**What is required**
Repeat the whole listing exactly as written.

**Information provided**
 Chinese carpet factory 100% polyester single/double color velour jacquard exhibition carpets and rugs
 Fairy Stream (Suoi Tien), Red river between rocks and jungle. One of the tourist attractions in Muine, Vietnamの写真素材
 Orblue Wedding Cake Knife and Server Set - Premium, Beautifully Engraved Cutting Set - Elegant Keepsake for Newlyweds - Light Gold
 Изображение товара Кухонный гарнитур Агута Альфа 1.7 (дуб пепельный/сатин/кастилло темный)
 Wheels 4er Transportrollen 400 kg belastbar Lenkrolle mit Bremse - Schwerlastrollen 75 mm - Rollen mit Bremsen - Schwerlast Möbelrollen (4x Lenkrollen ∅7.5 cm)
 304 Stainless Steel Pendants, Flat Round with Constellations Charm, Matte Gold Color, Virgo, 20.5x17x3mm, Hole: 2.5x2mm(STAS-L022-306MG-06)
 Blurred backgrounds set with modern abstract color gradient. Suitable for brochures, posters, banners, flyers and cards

**Solution to this task**
 Chinese carpet factory 100% polyester single/double color velour jacquard exhibition carpets and rugs
 Fairy Stream (Suoi Tien), Red river between rocks and jungle. One of the tourist attractions in Muine, Vietnamの写真素材
 Orblue Wedding Cake Knife and Server Set - Premium, Beautifully Engraved Cutting Set - Elegant Keepsake for Newlyweds - Light Gold
 Изображение товара Кухонный гарнитур Агута Альфа 1.7 (дуб пепельный/сатин/кастилло темный)
 Wheels 4er Transportrollen 400 kg belastbar Lenkrolle mit Bremse - Schwerlastrollen 75 mm - Rollen mit Bremsen - Schwerlast Möbelrollen (4x Lenkrollen ∅7.5 cm)
 304 Stainless Steel Pendants, Flat Round with Constellations Charm, Matte Gold Color, Virgo, 20.5x17x3mm, Hole: 2.5x2mm(STAS-L022-306MG-06)
 Blurred backgrounds set with modern abstract color gradient. Suitable for brochures, posters, banners, flyers and cards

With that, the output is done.